Here's how the pitching projections differ.
cIP: Projected IP in CAIRO
cR: Projected runs allowed in CAIRO
pIP: Projected IP in PECOTA
pR: Projected runs allowed in PECOTA
dIP: cIP minus pIP
dR: cR minus pR
The CAIRO IP are based on the last set of Diamond Mind simulations I ran, averaged over 100 seasons so they don't line up with what the CAIRO spreadsheet, and they need to be tweaked further. I didn't realize Burnett was only pitching 167 innings, for example. However, if you look at where things differ, it's primarily with Burnett and Gaudin in terms of rate of performance, and then in how many innings they're allocating to people like Boone Logan and Jonathan Albaladejo.

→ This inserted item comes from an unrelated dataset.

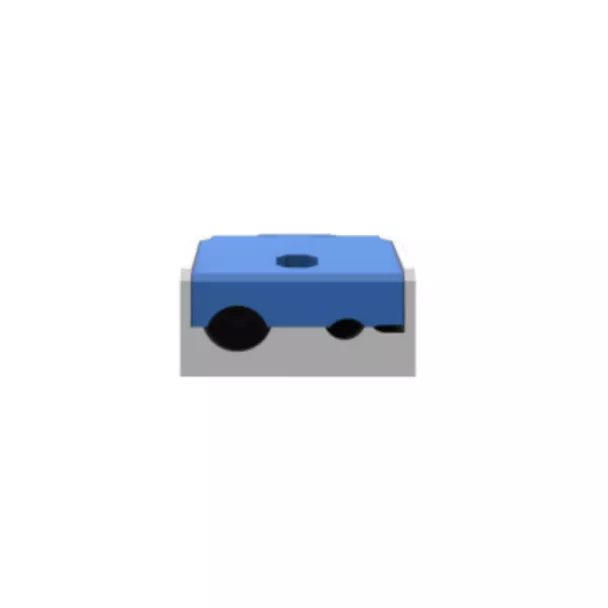 CUPOWER XZ-ID-D Terminal Cover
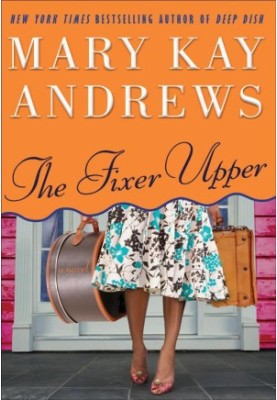 the Fixer Upper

Digging a little deeper into what these numbers say, PECOTA isn't displaying total runs allowed so I divided the total 789 runs allowed in their standings by the 673 projected earned runs on the team depth chart to reverse engineer it. Right off the bat this looks off, because the ratio is 1.172. The typical ratio is generally 1.08. In fact, this is really, really, really screwed up. Since 1946, there have been 1507 team seasons. I'm using that cutoff to remove the small glove/ deadball era and the WWII era where you had players who didn't belong in the majors to get closer to the modern error rate. In those 1507 seasons, there have been 59 teams that had a RA/ER ratio that high or worse. So they're either predicting the 2010 Yankees to allow unearned runs at a rate that has happened at a rate of 0.03915063 in the MLB team seasons since 1946, or they screwed something up.
They have some smart guys over there, so my guess is it's the latter. As someone who screws up his spreadsheets constantly, I can understand that. I left a comment over there asking for them to elaborate. So don't worry about these yet.